MATERIAL PROVIDED ▸
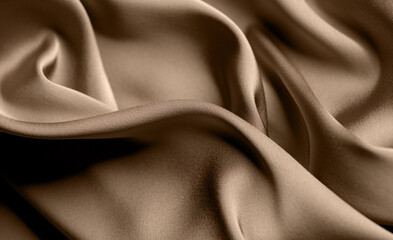 Silk, satin background. Chocolate brown color silk backdrop, folds, texture of beautiful dark beige satin fabric close-up. Abstract smooth elegant drapery folds. Top view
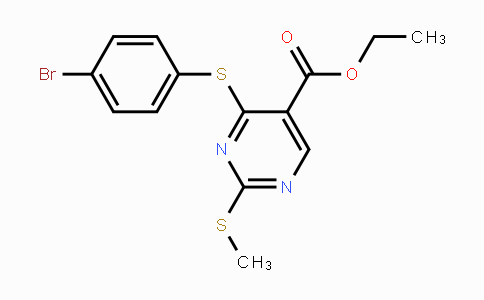 CAS No. 339019-48-6, Ethyl 4-[(4-bromophenyl)sulfanyl]-2-(methylsulfanyl)-5-pyrimidinecarboxylate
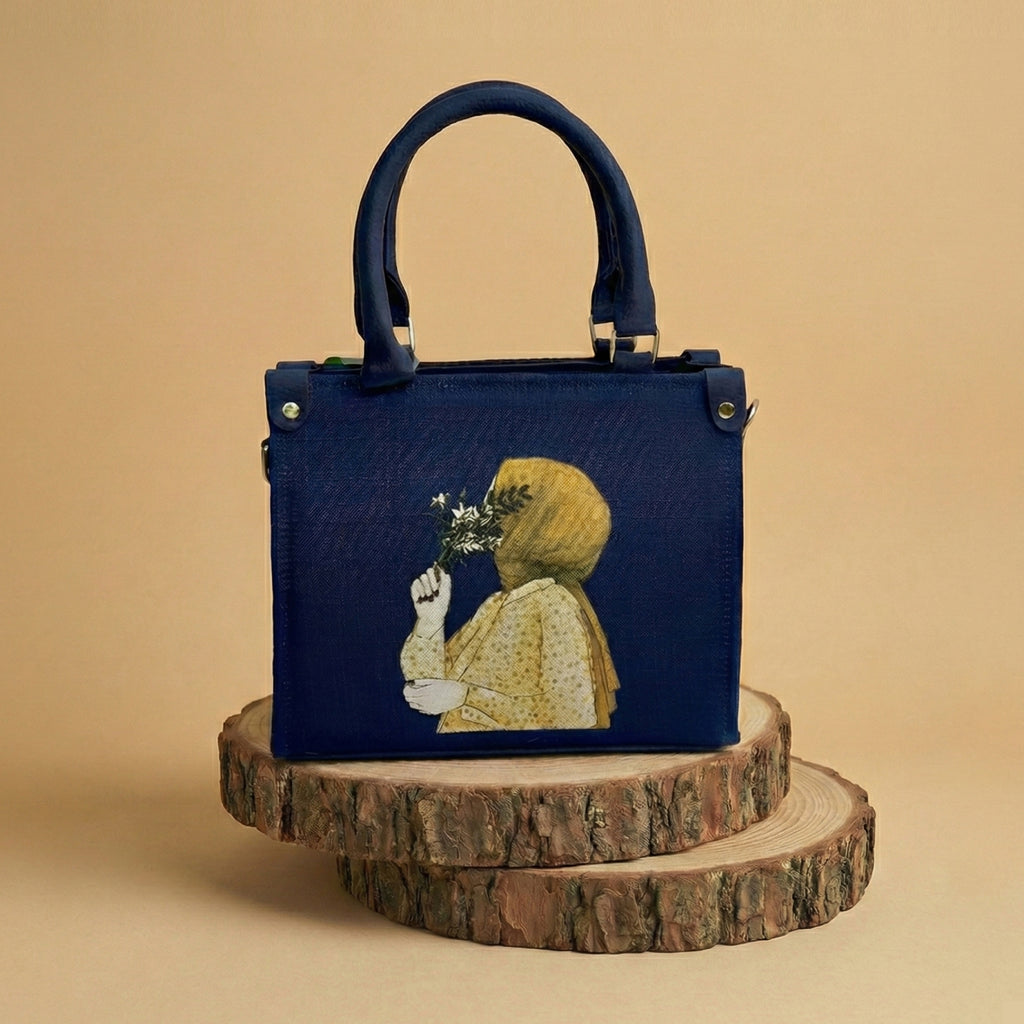 Premium Blue Printed Tote Bag with Hijab Girl Design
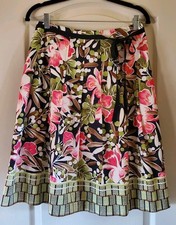Talbots Floral A-Line Skirt Petite Navy Pink Green Brown Cotton Lined Size 6P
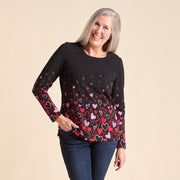 Christopher & Banks Women's Heart Print Jewel Neck Long Sleeve Tee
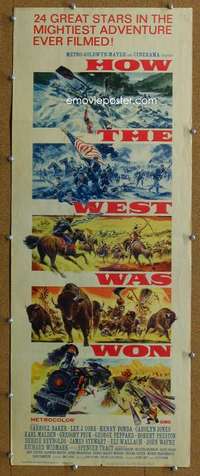 j724 HOW THE WEST WAS WON insert movie poster '64 John Ford epic!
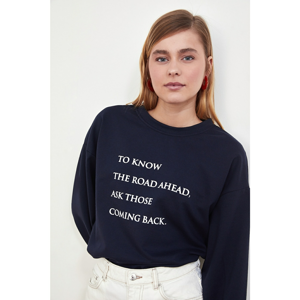 Trendyol Navy Blue Printed Knitted Sweatshirt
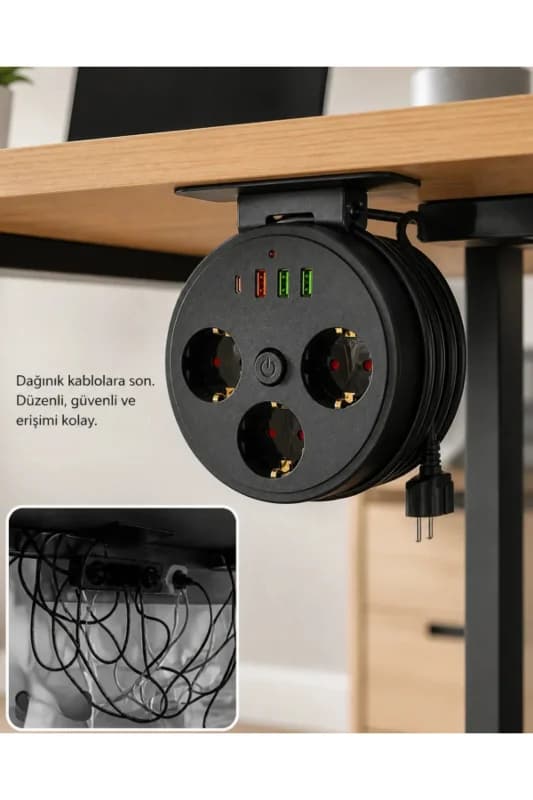 Akım Korumalı Priz USB ve Type C Girişli 3lü Priz 2 Metre Kablo Dayanıklı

WHAT IS EXPECTED ▸ Restate word for word the lines running from the one with "Talbots Floral A-Line" to the end of the entries; pictures are to be left out.

EXERCISE OUTPUT ▸
Talbots Floral A-Line Skirt Petite Navy Pink Green Brown Cotton Lined Size 6P
 Christopher & Banks Women's Heart Print Jewel Neck Long Sleeve Tee
 j724 HOW THE WEST WAS WON insert movie poster '64 John Ford epic!
 Trendyol Navy Blue Printed Knitted Sweatshirt
 Akım Korumalı Priz USB ve Type C Girişli 3lü Priz 2 Metre Kablo Dayanıklı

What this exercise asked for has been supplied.